Weak evil henchmen aside, Dredd 3D does offer a lot to enjoy. The 3D, surprisingly, being one. I normally don’t go for 3D, but the use of it in this to show the effects of the slo-mo was really well done, and it doesn’t over-stay its welcome like in so many other films. These scenes include one of Ma-Ma, high on slo-mo in the bathtub, clearly not heading N.W.A.’s advice of “don’t get high on your own supply”. As she splashes the water with her hand we’re treated to a slow motion effect that brings to mind seeing trails when on LSD. All around the visual effects were well done and coupled with the amped up violence, kept the less-than-original story moving along quite nicely. Karl Urban’s portrayal of Judge Dredd, all scowl and helmet, was a welcome return to the comic book roots of the character, which was my main concern going in. Olivia Thirlby as Anderson does a fine job standing side by side with Dredd and laying waste to Ma-Ma’s crew. I found that even though the story is nothing we haven’t seen before, the performances of the leads and the outstanding visuals make Dredd 3D a more than worthy trip to the theatre.

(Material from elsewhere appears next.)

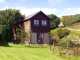 The Old Cwm Barn, MAINSTONE, BISHOP'S CASTLE, Shropshire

I give Dredd 3D 3.5 out of 5 Screaming Jamies

The Hunt Is An Unfulfilling Game

One of the most important things a horror film needs to work is the ability to make you care about its characters. You need to want them to survive whatever horrors they endure. You want to see them kick ass. It’s not even always the good guys you’re rooting for either. Sometimes it’s the villain. But whether it’s Ash taking down Deadites, or the Firefly family sticking it to Sheriff Wydel, you must have someone to give a damn about. This is where the French film The Hunt falters. At a mere 74 minutes in length there is not a moment that you care about anyone in this film. The story centers around desperate tabloid writer Alex, who we are introduced to via a scene where he’s photographing a woman in bed with a dog, and not in a cute cuddling-with-my-puppy kind of way. It seems Alex’ work at the paper he writes for has been a cause for concern for his editor and she gives him one week to dig up something to use. Alex proceeds to ask his dominatrix girlfriend if she can help by digging up dirt on one of her high-class clients. She hesitantly agrees and Alex is off to find a story.

By taking a phone call while snooping around a public officials house he stumbles upon his story. The story he finds, however isn’t the typical tabloid smut, it’s a group of wealthy men hunting humans for sport and gambling on the “games.”  Following the directions given to him over the phone, Alex heads out-of-town to a secluded mansion where the hunt is to take place. The game consists of six men, dressed in army fatigues and masks concealing their identity, who each place their bet in a small black box which is then handcuffed to one of the prey’s wrists. Whoever catches and kills that particular person keeps the cash in the box. It’s more or less Hostel with moving targets and gambling on the kill instead of paying to perform the kill. Oh, and for some reason the rich guy who is running the whole thing’s henchmen are dressed and masked like it was Eyes Wide Shut 2.

The hunting in The Hunt doesn’t occur until halfway through, and by this time we’ve been introduced to half a dozen characters we couldn’t care less about so any impact that could have been achieved is non existent. Of course we witness Alex being swept up into the hunt, and questioning himself for the inevitable hunter/hunted role reversal. It’s just not enough. David Scherer’s make up effects are good, but also too minimal to carry the film. If The Hunt lacked all character  but was an absolute blood bath it would be a different story altogether. A complete barrage of carnage would at least provide us with some eye candy. As it stands, the film takes way too long to reach its titular hunt, and by then it’s too little too late.